200 Technology Drive, Suite F, Irvine, CA 92618
Saturday, June 21 at 2:00 PM – 5:00 PM
Ends Jul 23, 2025
Unveil Gallery is pleased to present Beyond the Image, an exhibition showcasing works by Shelby Drabman, Lou Yezi, and Célia Rocha, three contemporary artists whose practices challenge and expand the visual language of memory, identity, and cultural reflection. On view from June 21 to July 23, the exhibition features a compelling selection of works on paper, textile-based pieces, and paintings, each offering a distinct approach to image-making in the 21st century.
In an era of digital saturation and visual spectacle, Beyond the Image proposes the image not as a fixed representation, but as an active site of negotiation: between surface and depth, presence and absence, personal story and collective memory. The artists use intimate, often handmade materials and techniques to interrogate how images communicate emotional, social, and political meaning. By moving fluidly between mediums and methods, the works blur boundaries between realism and abstraction, art and artifact, memory and critique.
Célia Rocha, drawing on activism and personal history, presents Birth Stories, a series based on real accounts from midwives shared on social media. Through pencil drawings and handwritten narratives, Rocha captures the intimacy and universality of birth as a cultural and bodily experience, positioning the image as a vessel for social storytelling.

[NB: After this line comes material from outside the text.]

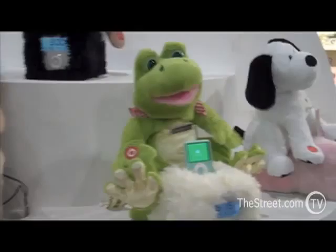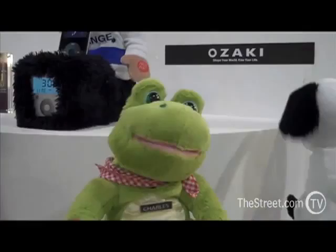Now here's the best part. This high-def, pocket-sized, go-anywhere camcorder retails for only $230. This was definitely the best item we saw at the show.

Lou Yezi reimagines the portrait through an emotionally charged figurative painting practice. Moving away from strict realism, her work embraces distortion, ambiguity, and subjectivity to reflect on cultural suppression, identity, and the estrangement of modern visual life. Lou’s paintings question the evolving role of figurative art in an age dominated by photography, digital images, and AI-generated visuals, proposing instead a fragile space of emotional resonance and resistance.

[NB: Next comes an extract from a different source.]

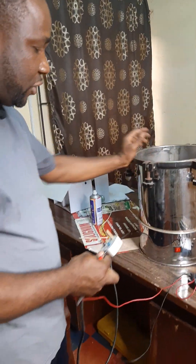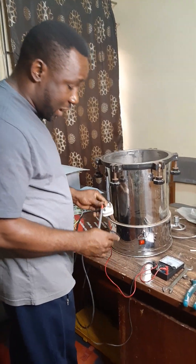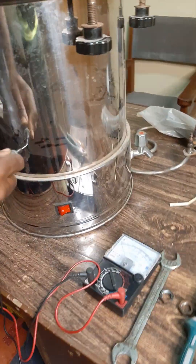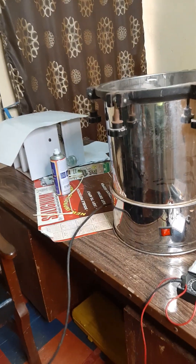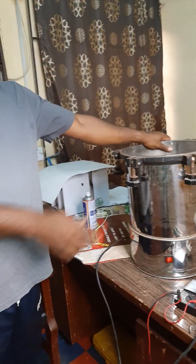You must test for earth leakage — this is very important. So let me test for earth leakage. I'm going to test the two terminals — that's the positive and negative — to the body of this machine. You can see it's not reading. It's not reading. So you've been able to see how we are able to replace the burnt element of this sterilizing machine.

Shelby Drabman works across textiles and video installation to explore the performative nature of materials and narrative. Inspired by gothic literature and horror cinema, her textiles incorporate imagery drawn from vintage toile, iron gates, and architectural details. Drabman’s work transforms fabric into a stage for haunting introspection, where literary fragments become physical, immersive, and uncanny.
Together, the artists push against the limitations of representation to activate the image as a living, affective space, one that invites viewers to look again, and deeper.